Print the lines in the listing below that fall between the line with "Philadelphia Eagles New" and the line with "Nike Nike AF", those two lines included, exactly as they stand and with nothing else.

Start of Data for analysis

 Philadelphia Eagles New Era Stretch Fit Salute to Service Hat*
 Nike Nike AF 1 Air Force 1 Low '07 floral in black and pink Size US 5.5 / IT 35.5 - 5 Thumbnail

End of Data for analysis
Start of Data for analysis

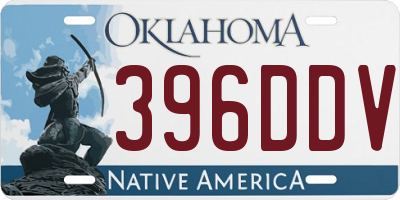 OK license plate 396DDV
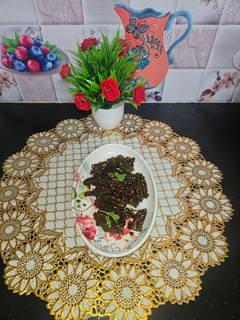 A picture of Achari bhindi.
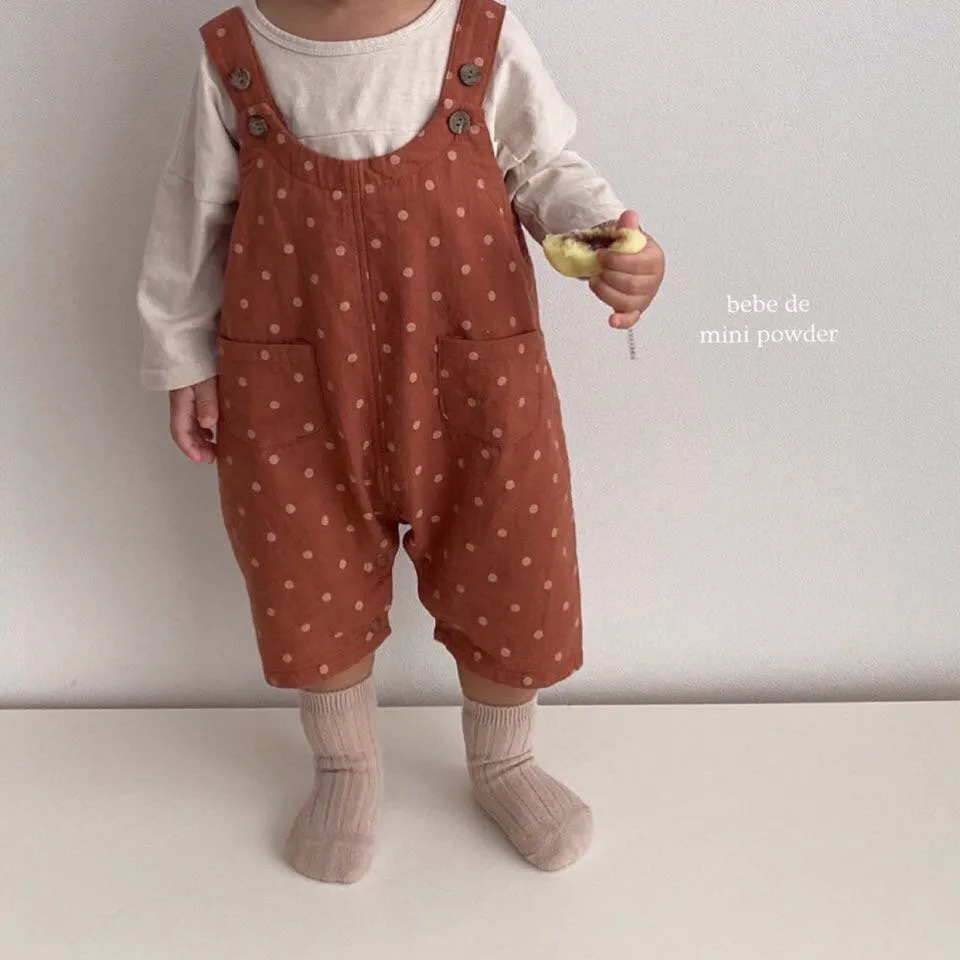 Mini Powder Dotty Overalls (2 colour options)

End of Data for analysis

## Problem solution
 Philadelphia Eagles New Era Stretch Fit Salute to Service Hat*
 Nike Nike AF 1 Air Force 1 Low '07 floral in black and pink Size US 5.5 / IT 35.5 - 5 Thumbnail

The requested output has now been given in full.